I admit it: I kind of have a thing for my camera. My camera has had its feelings hurt lately because I’ve been neglectful in our relationship even to the point of letting its battery go dead.  It’s still pouting.

You see, my camera is my friend. It accompanies me to places I wouldn’t normally go like the world’s largest refugee camp in Africa or sashaying through the coffee fields of Andes in South America.  It helps me sneak up on wild animals. It lets me catch really fast athletes. It holds my grandchildren still long enough to store the moment in my heart and on my wall.  It wolf whistles when my wife- a former model- poses for me.

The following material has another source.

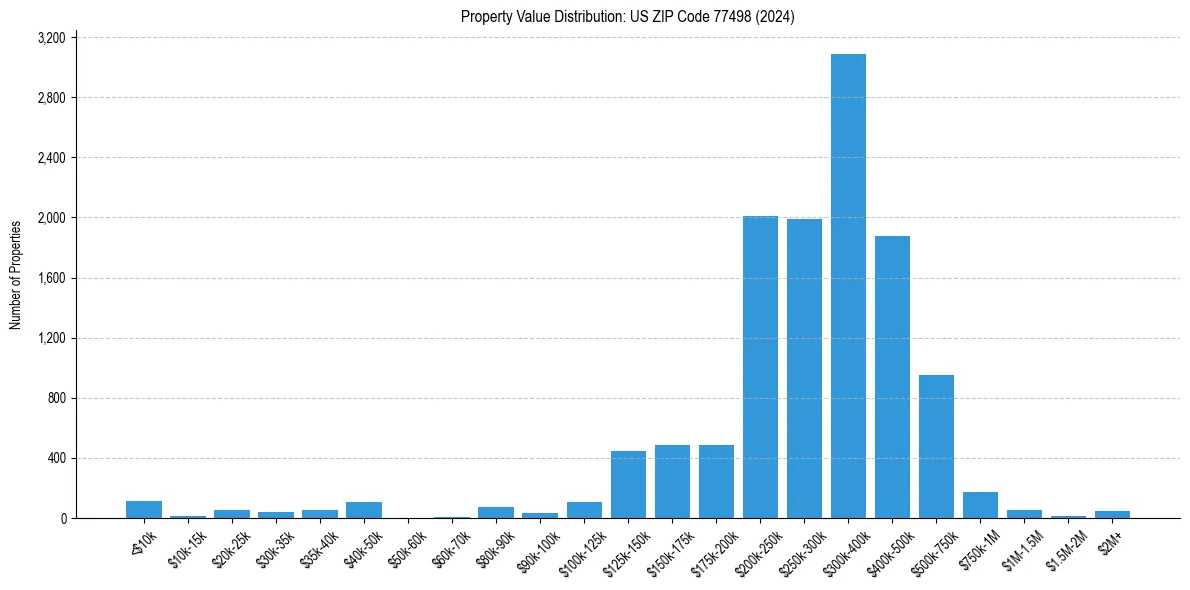 Value Distribution for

When I get a great image finally framed thru the lens, it screams, “That’s it! Take the photo NOW!  That’ll hang on the wall!”

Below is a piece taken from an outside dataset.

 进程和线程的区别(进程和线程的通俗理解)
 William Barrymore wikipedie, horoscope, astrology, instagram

I never tire of looking through the lens of a camera. No matter how many quality images I’ve captured with a point-and-shoot, I still dislike looking at the back of a camera as opposed to looking through the viewfinder.

And here’s why:

While you might not always be conscious of it, your eyes are constantly absorbing a vast amount of visual information for your brain to process.  As far up-and-down and side-to-side your peripheral vision expands, your eyes are constantly sending the brain thousands of signals.  They look for danger, visual clues to read people and places, and chocolate. My eyes are always looking for chocolate. I can spot a Snickers from 100 yards.

Putting a camera to the eye eliminates a tremendous amount of visual information and collapses into a small rectangular block of the viewfinder.  I frequently pull the camera to my eye and scan a scene looking for the composition until it just feels right. I’ve learned to trust my innate sense of composition and design. You have it too, just slow down a bit and trust your gut.

I took my camera out on a date last weekend.  We’re friends again. We had a short talk, I put a new battery in, and it forgave me.  To make up for all the weeks away, it reminded me how good it is to be loved by a camera.

And how much better the world looks as I look through it.

The Dinosaur Tree photo was taken near Emporia, Kansas, along the Turnpike, early as the moon set. I tried many years to capture this image with the light just right!